Methods: Four thousand four hundred sixty nine seniors (60 years and above) were draw from a cross-sectional study conducted in three urban districts and three rural counties of Shandong Province in China. Non-visiting within the past 2 weeks and non-hospitalization in previous year are used to measure non-use of healthcare services. Chi-square test is used to compare the prevalence of non-use between empty-nesters and non-empty-nesters. Multivariate logistic regression analysis is employed to identify the risk factors of non-use among empty-nest seniors.

Results: Of 4469 respondents, 2667(59.7 %) are empty-nesters. Overall, 35.5 % of the participants had non-visiting and 34.5 % had non-hospitalization.
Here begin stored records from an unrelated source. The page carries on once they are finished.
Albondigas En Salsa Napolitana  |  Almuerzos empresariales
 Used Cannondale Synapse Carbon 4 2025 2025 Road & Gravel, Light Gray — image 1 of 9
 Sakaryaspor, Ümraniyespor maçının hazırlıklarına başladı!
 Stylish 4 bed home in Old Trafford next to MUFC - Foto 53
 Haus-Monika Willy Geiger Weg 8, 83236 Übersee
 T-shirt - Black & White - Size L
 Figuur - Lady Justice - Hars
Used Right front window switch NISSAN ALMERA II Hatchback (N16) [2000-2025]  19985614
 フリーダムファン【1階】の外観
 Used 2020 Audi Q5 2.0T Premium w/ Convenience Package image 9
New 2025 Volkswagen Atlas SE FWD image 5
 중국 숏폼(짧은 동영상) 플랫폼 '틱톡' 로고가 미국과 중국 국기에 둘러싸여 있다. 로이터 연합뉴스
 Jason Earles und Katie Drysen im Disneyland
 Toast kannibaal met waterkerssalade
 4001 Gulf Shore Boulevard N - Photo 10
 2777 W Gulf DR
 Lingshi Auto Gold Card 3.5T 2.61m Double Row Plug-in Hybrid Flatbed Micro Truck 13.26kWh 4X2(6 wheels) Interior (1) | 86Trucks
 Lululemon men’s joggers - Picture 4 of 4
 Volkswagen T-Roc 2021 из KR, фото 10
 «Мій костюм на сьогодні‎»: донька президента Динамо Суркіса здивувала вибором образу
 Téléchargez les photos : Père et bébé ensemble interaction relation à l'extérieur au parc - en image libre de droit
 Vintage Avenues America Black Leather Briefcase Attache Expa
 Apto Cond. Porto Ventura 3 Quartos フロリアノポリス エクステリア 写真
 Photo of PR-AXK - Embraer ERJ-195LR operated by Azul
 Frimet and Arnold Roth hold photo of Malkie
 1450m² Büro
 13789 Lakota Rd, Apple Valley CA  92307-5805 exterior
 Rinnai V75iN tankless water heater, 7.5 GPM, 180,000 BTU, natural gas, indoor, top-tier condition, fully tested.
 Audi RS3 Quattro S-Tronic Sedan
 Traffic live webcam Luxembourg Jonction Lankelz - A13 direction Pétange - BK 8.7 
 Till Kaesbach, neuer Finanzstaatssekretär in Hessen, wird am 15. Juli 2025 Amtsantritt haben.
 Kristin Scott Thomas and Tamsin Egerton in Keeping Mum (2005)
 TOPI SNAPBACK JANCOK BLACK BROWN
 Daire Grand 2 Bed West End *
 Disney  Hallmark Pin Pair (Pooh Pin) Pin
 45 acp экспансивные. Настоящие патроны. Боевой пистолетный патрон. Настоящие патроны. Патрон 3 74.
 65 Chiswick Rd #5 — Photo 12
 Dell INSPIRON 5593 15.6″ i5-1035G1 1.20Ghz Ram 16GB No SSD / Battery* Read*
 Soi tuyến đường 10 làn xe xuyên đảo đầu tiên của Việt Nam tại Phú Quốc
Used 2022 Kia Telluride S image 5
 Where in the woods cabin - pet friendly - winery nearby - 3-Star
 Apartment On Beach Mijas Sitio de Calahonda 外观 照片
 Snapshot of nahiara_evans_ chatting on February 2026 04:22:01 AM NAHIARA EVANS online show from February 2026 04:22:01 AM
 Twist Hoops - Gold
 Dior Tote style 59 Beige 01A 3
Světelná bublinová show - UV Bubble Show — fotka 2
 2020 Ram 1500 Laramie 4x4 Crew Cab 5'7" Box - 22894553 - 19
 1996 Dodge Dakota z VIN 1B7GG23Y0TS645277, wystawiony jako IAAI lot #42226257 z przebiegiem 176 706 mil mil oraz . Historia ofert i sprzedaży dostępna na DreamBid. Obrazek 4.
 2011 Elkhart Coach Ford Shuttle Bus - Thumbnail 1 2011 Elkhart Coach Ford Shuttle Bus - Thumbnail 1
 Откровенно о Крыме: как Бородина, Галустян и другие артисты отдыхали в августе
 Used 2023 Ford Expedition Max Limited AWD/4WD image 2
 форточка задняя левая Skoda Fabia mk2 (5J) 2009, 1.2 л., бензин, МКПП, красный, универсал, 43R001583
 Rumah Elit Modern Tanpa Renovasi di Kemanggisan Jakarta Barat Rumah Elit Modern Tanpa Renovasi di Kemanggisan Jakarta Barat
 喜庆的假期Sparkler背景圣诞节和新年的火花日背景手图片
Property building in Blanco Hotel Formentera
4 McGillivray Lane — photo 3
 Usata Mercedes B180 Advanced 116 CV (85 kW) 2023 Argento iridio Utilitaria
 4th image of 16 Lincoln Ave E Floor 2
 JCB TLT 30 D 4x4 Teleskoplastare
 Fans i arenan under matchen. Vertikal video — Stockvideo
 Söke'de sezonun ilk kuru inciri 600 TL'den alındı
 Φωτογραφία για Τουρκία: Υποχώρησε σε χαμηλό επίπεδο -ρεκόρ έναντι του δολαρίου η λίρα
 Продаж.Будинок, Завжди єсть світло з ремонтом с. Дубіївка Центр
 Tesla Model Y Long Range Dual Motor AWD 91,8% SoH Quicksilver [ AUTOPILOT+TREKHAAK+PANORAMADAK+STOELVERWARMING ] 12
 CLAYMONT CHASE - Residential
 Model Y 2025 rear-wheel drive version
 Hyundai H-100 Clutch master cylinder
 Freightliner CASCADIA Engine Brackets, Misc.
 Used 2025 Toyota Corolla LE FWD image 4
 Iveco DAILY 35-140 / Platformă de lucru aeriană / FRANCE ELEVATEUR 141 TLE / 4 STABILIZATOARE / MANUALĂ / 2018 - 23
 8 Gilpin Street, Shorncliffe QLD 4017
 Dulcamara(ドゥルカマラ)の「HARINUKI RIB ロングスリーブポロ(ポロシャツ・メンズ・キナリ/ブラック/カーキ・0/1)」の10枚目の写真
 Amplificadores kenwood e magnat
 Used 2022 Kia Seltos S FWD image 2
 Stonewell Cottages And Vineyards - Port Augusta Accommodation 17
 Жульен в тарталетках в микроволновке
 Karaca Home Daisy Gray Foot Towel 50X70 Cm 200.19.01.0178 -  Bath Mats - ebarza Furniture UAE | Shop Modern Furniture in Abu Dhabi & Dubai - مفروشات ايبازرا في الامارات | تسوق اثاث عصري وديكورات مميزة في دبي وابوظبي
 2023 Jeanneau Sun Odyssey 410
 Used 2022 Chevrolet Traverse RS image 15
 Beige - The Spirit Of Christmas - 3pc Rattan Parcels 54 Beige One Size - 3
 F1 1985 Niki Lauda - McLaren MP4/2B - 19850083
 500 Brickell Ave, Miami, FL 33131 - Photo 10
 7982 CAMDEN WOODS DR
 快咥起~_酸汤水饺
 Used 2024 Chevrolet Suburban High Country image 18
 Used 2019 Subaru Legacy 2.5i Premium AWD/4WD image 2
Non-visiting rate among empty-nest elderly (37.7 %) is significantly higher than that among non-empty-nest ones (32.7 %) (P = 0.008). Non-hospitalization rate among empty-nesters (36.1 %) is slightly higher than that among non-empty-nesters (31.6 %) (P = 0.166). Financial difficulty is the leading cause for both non-visiting and non-hospitalization of the participants, and it exerts a larger negative effect on access to healthcare for empty-nest elderly than non-empty-nest ones. Both non-visiting and non-hospitalization among empty-nest seniors are independently associated with low-income households, health insurance status and non-communicable chronic diseases. The nonvisiting rate is also found to be higher among the empty-nesters with lower education and those from rural areas.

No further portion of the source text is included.